The Cavs did not fare well on another emotional night, when they also faced the New York Knicks on LeBron James' first game back with the Cavs. They seemed to run out of energy during the game and lost badly on opening night. But James is also 2-0 on previous ring nights with the Miami Heat.
"If guys that won a championship, they can't handle it, then I'll play guys that didn't win _ Dunleavy and guys that are hungry and trying to win another one," Lue joked. "It's going to be an emotional night, it's going to be a fun night and we just have to take it in stride."
Lue sat on the bench sobbing at Oracle Arena after the Cavs completed the comeback from 3-1 down. Part of it was the emotion over his mother and grandmother battling cancer. Neither was able to attend any of the playoff games because of their treatments.
Lue conceded Monday the emotion also stemmed from the way he got the job after David Blatt was fired. Lue walked into a firestorm of immense pressure.

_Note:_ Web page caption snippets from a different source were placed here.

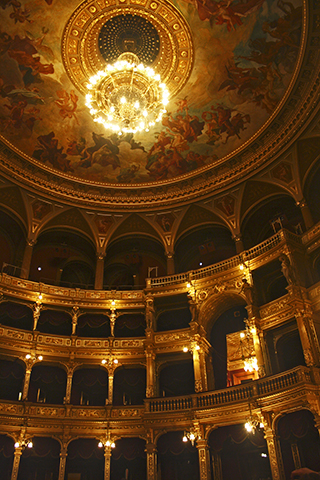 Interior Teatro de la Ópera Budapest lámpara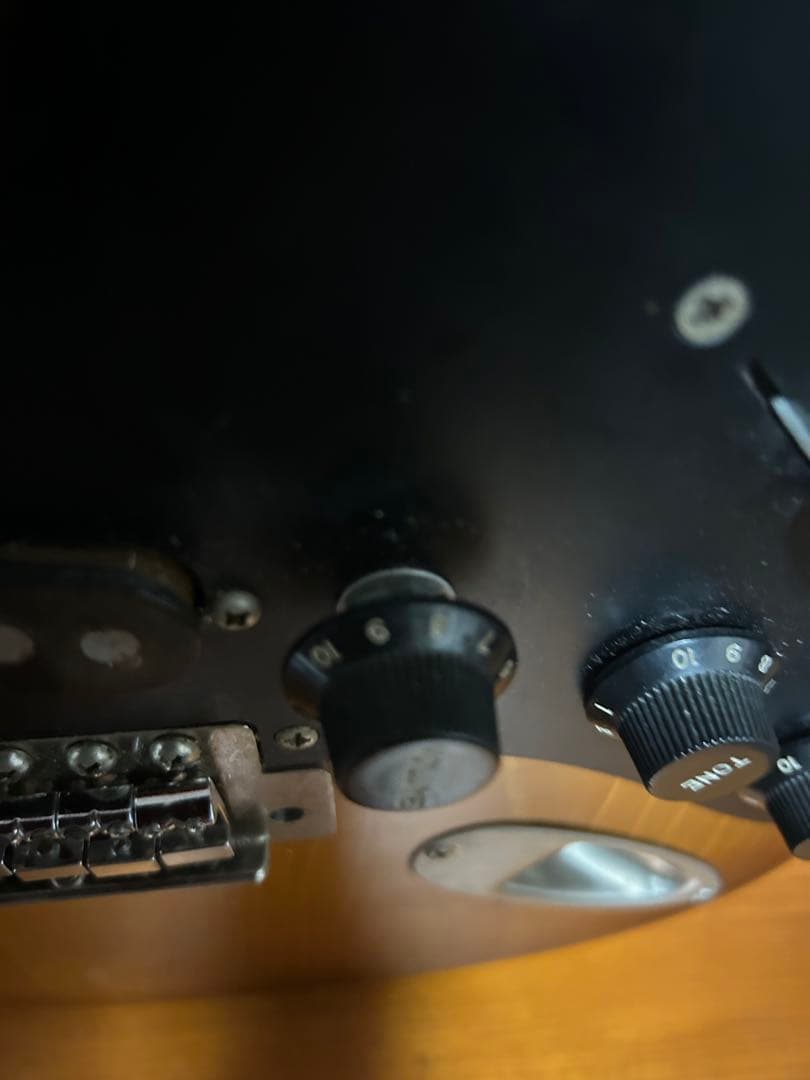 拉*孟様 日本製　フェルナンデス　ストラトタイプボディ　ネックはおまけ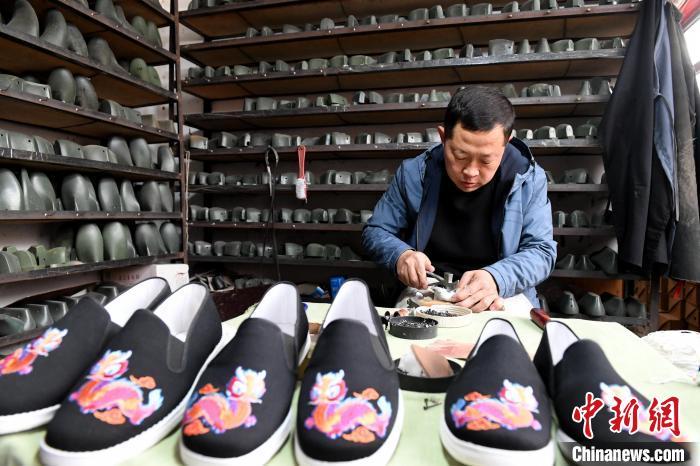 2月29日，杨西利正在为布鞋绷楦。崔贤飞 摄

"Just the way things happened with Coach Blatt, taking over, the negativity that surrounded me when it happened, that was tough," Lue said. "It was tears of emotion, it was joy that we was able to do it, something no other team had done before. The emotions ran through me."
Lue's mother will attend Tuesday's ceremony, but his grandmother still isn't well enough to travel. It will be the first time his mother has seen him work as a head coach; the last game she attended was last season at Houston when Lue was still Blatt's lead assistant.
Lue's sister and father will also attend. Lue said he will enjoy looking at the ring for a few days before placing it in his safety deposit box next to the two he won as a player. But this one feels different.
"Going through all the things I had to go through in the second half of the season and our team had to go through," Lue said, "this meant a lot more to me than the first two."